Completely abandoning the Trotskyist analysis of Stalinism, the Pabloites ascribed a revolutionary role to the Stalinist bureaucracy in Eastern Europe and Asia. They wrote off the working class as an independent force entirely, arguing that “objective social reality” consisted “essentially of the capitalist regime and the Stalinist world.”  Based on this assessment, the cadre of the Trotskyist movement had no independent role to play. Rather, the Fourth International was to be liquidated into whatever national mass parties of the working class and oppressed masses existed.
With regard to Eastern Europe and the Soviet Union, the Pabloites advanced the concept of the “self-reform” of the bureaucracy. The Fourth International’s call for a political revolution to overthrow the Stalinist bureaucracy, restore workers’ democracy and return to the program of international socialist revolution was turned by the Pabloites into its opposite. What they called the “political revolution” was to be accomplished not by the working class under the leadership of the Fourth International, but by a section of the Stalinist bureaucracy itself, which would supposedly enact reforms that would lead to a peaceful transition from Stalinism to socialism.
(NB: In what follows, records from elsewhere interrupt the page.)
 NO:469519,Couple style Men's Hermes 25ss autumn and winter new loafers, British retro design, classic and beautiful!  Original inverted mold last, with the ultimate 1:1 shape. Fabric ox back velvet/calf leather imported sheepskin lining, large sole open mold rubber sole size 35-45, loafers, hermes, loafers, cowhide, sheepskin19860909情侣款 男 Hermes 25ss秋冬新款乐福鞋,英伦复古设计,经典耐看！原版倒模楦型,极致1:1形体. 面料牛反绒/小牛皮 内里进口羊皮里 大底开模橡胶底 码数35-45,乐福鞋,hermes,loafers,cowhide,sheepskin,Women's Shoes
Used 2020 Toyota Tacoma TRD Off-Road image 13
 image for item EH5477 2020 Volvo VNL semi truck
The role of the working class (and the Trotskyist movement) was reduced to that of a pressure group, which would help push forward the supposedly reformist faction of the bureaucracy.
The Pabloite tendency was opposed by the orthodox Trotskyists in the Fourth International, led by the Socialist Workers Party (SWP) in the US. The Pabloites were expelled from the Fourth International through the formation of the International Committee of the Fourth International (ICFI) in 1953. In the founding document of the ICFI, the Open Letter, James P. Cannon, the leader of the SWP, restated the basic principles of international Trotskyism:
1. The death agony of the capitalist system threatens the destruction of civilization through worsening depressions, world wars and barbaric manifestations like fascism. The development of atomic weapons today underlines the danger in the gravest possible way.
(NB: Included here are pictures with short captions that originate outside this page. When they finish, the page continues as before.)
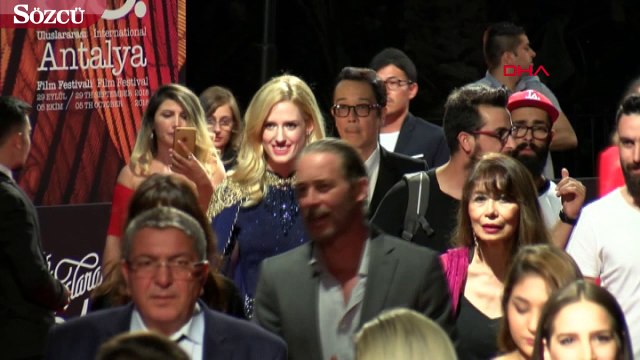 Kırmızı halıda şıklık yarışı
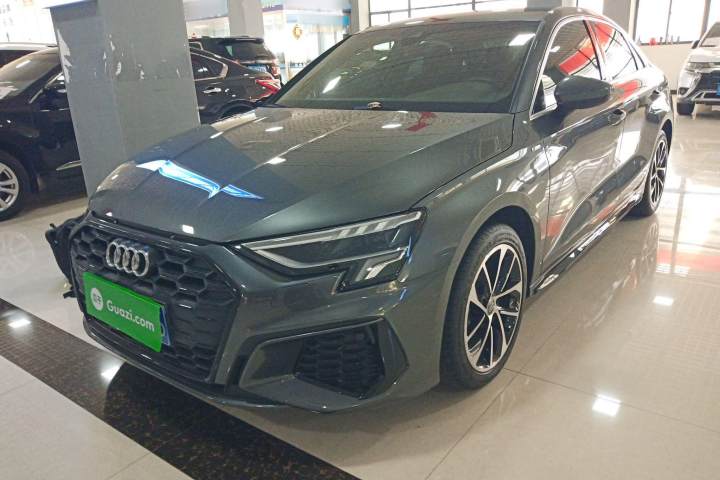 奥迪 A3 A3L Limousine 35 TFSI 进取运动型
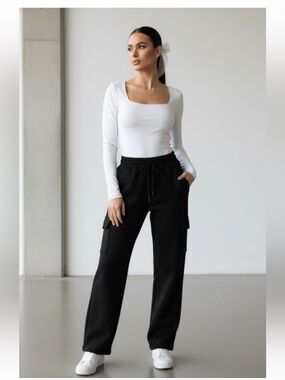 NWT BLACK FLEECE LINED THICK STRETCHY CARGO PANTS
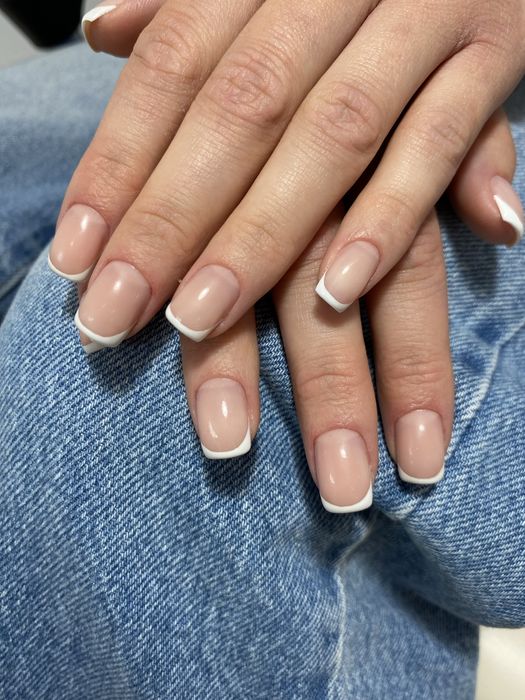 Сахарова 23!  Манікюр Педикюр!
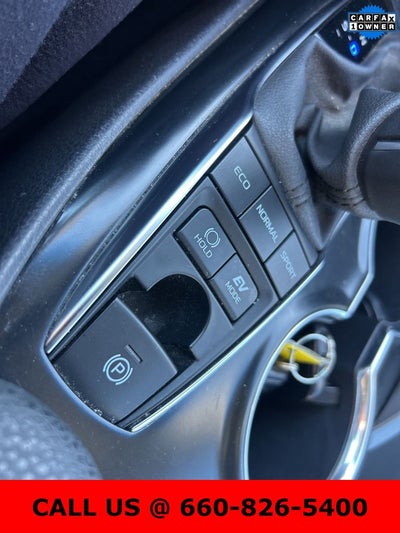 2020 Toyota Camry Hybrid XLE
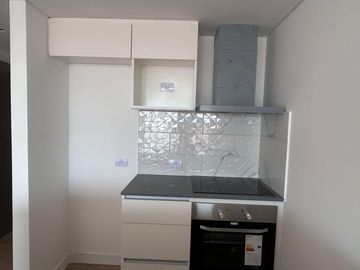 Venta.  Departamento 1  ambiente. Full Amenities, Balcón terraza. San Cristobal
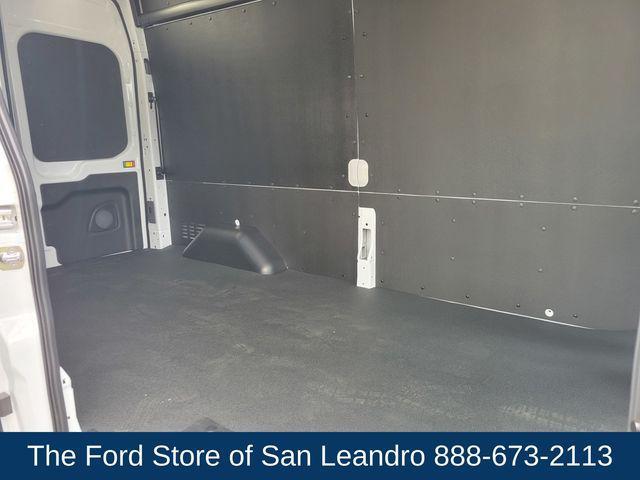 Photo of 2025 Oxford White Ford Transit-250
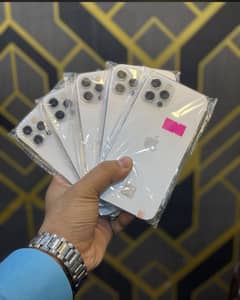 I phone 11pro max PTA approved 256gb water pack 100% battery health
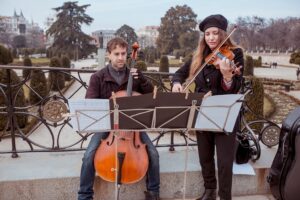 Live band / Photo via Weddings and Events by Natalia Ortiz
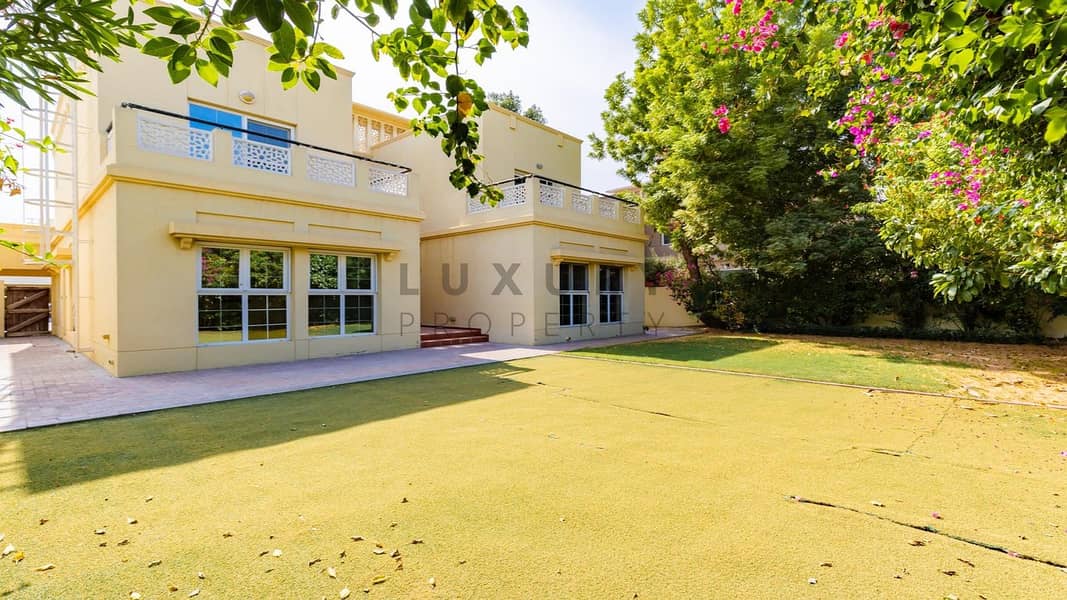 Exclusive | Vacant Now | Prime Location Exclusive | Vacant Now | Prime Location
2. The descent into the abyss can be avoided only by replacing capitalism with the planned economy of socialism on a world scale and thus resuming the spiral of progress opened up by capitalism in its early days.
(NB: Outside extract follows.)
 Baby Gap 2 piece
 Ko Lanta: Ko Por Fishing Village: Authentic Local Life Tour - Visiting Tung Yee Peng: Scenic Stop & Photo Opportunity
3. This can be accomplished only under the leadership of the working class as the only truly revolutionary class in society. But the working class itself faces a crisis of leadership although the world relationship of social forces was never so favorable as today for the workers to take the road to power.
4. To organize itself for carrying out this world-historic aim the working class in each country must construct a revolutionary socialist party in the pattern developed by Lenin: that is, a combat party capable of dialectically combining democracy and centralism—democracy in arriving at decisions, centralism in carrying them out; a leadership controlled by the ranks, ranks able to carry forward under fire in disciplined fashion.
5. The main obstacle to this is Stalinism, which attracts workers through exploiting the prestige of the October 1917 Revolution in Russia, only later, as it betrays their confidence, to hurl them either into the arms of the Social Democracy, into apathy, or back into illusions in capitalism. The penalty for these betrayals is paid by the working people in the form of consolidation of fascist or monarchist forces and new outbreaks of wars fostered and prepared by capitalism. From its inception, the Fourth International set as one of its major tasks the revolutionary overthrow of Stalinism inside and outside the USSR.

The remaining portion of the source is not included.